_Dataset_.
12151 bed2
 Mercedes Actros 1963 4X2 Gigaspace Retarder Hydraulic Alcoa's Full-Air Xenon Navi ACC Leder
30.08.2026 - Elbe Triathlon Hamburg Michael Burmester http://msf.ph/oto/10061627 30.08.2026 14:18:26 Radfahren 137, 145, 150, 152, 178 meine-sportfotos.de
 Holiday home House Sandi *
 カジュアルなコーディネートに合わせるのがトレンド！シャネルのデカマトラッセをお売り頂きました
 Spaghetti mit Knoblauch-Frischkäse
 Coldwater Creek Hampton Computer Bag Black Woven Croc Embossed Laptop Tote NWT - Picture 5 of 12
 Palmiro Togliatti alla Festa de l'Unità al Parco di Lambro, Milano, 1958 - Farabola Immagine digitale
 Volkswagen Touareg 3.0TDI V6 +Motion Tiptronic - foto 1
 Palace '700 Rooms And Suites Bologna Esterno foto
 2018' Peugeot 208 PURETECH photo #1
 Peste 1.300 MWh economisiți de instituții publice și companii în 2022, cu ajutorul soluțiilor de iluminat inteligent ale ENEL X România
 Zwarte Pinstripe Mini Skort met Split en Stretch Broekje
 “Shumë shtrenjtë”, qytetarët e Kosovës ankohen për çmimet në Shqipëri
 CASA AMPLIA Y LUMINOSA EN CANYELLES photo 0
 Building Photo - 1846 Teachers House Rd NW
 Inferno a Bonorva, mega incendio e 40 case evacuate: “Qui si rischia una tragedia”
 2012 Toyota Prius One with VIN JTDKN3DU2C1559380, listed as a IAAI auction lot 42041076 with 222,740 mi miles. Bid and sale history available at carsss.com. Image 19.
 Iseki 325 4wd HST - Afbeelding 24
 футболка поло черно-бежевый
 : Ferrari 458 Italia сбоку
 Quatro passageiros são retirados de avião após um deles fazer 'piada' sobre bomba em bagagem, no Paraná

_Work request_.
Every line above from the line with "Peste 1.300 MWh" to the line with "Inferno a Bonorva, mega", both included, must be reproduced exactly, and no other line may appear.

_Exercise answer_.
 Peste 1.300 MWh economisiți de instituții publice și companii în 2022, cu ajutorul soluțiilor de iluminat inteligent ale ENEL X România
 Zwarte Pinstripe Mini Skort met Split en Stretch Broekje
 “Shumë shtrenjtë”, qytetarët e Kosovës ankohen për çmimet në Shqipëri
 CASA AMPLIA Y LUMINOSA EN CANYELLES photo 0
 Building Photo - 1846 Teachers House Rd NW
 Inferno a Bonorva, mega incendio e 40 case evacuate: “Qui si rischia una tragedia”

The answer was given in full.